_Your assignment_
Your job with the data below is to output exactly the lines from the one holding "Pink Crown Silent Wall Clock 27 Inches" down to the one holding "Microfiber cleaning gloves Cwash-09", both included, and no others.

_Provided records_
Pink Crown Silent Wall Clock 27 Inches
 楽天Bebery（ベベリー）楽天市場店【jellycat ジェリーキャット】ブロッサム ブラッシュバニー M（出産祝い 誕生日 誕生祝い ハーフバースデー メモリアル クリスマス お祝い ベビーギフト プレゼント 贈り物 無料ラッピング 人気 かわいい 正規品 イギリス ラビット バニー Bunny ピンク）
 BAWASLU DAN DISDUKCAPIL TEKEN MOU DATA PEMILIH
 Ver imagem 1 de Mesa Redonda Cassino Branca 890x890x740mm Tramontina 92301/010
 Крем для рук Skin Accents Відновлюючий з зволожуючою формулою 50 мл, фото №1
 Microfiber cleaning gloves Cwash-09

* * *

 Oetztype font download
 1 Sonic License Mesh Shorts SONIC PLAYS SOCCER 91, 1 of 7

_Completed exercise_
Pink Crown Silent Wall Clock 27 Inches
 楽天Bebery（ベベリー）楽天市場店【jellycat ジェリーキャット】ブロッサム ブラッシュバニー M（出産祝い 誕生日 誕生祝い ハーフバースデー メモリアル クリスマス お祝い ベビーギフト プレゼント 贈り物 無料ラッピング 人気 かわいい 正規品 イギリス ラビット バニー Bunny ピンク）
 BAWASLU DAN DISDUKCAPIL TEKEN MOU DATA PEMILIH
 Ver imagem 1 de Mesa Redonda Cassino Branca 890x890x740mm Tramontina 92301/010
 Крем для рук Skin Accents Відновлюючий з зволожуючою формулою 50 мл, фото №1
 Microfiber cleaning gloves Cwash-09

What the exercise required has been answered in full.